Your goal: Would you give the entries below again in full, exactly as they stand?

Records for processing:
****************

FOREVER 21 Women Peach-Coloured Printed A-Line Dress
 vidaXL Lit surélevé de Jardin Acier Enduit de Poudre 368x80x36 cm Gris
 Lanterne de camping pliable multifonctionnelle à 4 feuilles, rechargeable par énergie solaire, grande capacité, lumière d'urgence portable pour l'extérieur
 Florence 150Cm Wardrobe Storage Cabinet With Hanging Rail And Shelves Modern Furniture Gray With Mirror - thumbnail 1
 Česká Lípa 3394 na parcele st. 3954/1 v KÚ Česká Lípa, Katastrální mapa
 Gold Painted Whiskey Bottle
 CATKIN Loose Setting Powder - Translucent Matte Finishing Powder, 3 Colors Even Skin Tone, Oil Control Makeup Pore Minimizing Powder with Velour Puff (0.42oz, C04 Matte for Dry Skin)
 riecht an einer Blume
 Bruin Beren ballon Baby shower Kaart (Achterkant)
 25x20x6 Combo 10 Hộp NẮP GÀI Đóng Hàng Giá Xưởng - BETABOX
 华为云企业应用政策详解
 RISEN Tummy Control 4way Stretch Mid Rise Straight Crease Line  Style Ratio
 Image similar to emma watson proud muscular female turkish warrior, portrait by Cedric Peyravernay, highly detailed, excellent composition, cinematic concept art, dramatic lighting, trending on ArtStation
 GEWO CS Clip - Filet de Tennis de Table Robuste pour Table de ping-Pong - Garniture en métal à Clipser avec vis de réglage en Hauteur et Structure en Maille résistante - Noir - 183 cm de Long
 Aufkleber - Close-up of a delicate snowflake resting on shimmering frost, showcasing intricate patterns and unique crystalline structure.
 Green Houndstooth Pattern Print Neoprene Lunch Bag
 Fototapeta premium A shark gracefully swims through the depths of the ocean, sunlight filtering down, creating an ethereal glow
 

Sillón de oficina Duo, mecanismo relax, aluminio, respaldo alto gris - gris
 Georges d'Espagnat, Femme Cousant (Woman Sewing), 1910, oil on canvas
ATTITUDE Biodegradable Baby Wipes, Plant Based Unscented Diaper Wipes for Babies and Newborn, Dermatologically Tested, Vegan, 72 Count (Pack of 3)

****************

Answer for the task:
FOREVER 21 Women Peach-Coloured Printed A-Line Dress
 vidaXL Lit surélevé de Jardin Acier Enduit de Poudre 368x80x36 cm Gris
 Lanterne de camping pliable multifonctionnelle à 4 feuilles, rechargeable par énergie solaire, grande capacité, lumière d'urgence portable pour l'extérieur
 Florence 150Cm Wardrobe Storage Cabinet With Hanging Rail And Shelves Modern Furniture Gray With Mirror - thumbnail 1
 Česká Lípa 3394 na parcele st. 3954/1 v KÚ Česká Lípa, Katastrální mapa
 Gold Painted Whiskey Bottle
 CATKIN Loose Setting Powder - Translucent Matte Finishing Powder, 3 Colors Even Skin Tone, Oil Control Makeup Pore Minimizing Powder with Velour Puff (0.42oz, C04 Matte for Dry Skin)
 riecht an einer Blume
 Bruin Beren ballon Baby shower Kaart (Achterkant)
 25x20x6 Combo 10 Hộp NẮP GÀI Đóng Hàng Giá Xưởng - BETABOX
 华为云企业应用政策详解
 RISEN Tummy Control 4way Stretch Mid Rise Straight Crease Line  Style Ratio
 Image similar to emma watson proud muscular female turkish warrior, portrait by Cedric Peyravernay, highly detailed, excellent composition, cinematic concept art, dramatic lighting, trending on ArtStation
 GEWO CS Clip - Filet de Tennis de Table Robuste pour Table de ping-Pong - Garniture en métal à Clipser avec vis de réglage en Hauteur et Structure en Maille résistante - Noir - 183 cm de Long
 Aufkleber - Close-up of a delicate snowflake resting on shimmering frost, showcasing intricate patterns and unique crystalline structure.
 Green Houndstooth Pattern Print Neoprene Lunch Bag
 Fototapeta premium A shark gracefully swims through the depths of the ocean, sunlight filtering down, creating an ethereal glow
 

Sillón de oficina Duo, mecanismo relax, aluminio, respaldo alto gris - gris
 Georges d'Espagnat, Femme Cousant (Woman Sewing), 1910, oil on canvas
ATTITUDE Biodegradable Baby Wipes, Plant Based Unscented Diaper Wipes for Babies and Newborn, Dermatologically Tested, Vegan, 72 Count (Pack of 3)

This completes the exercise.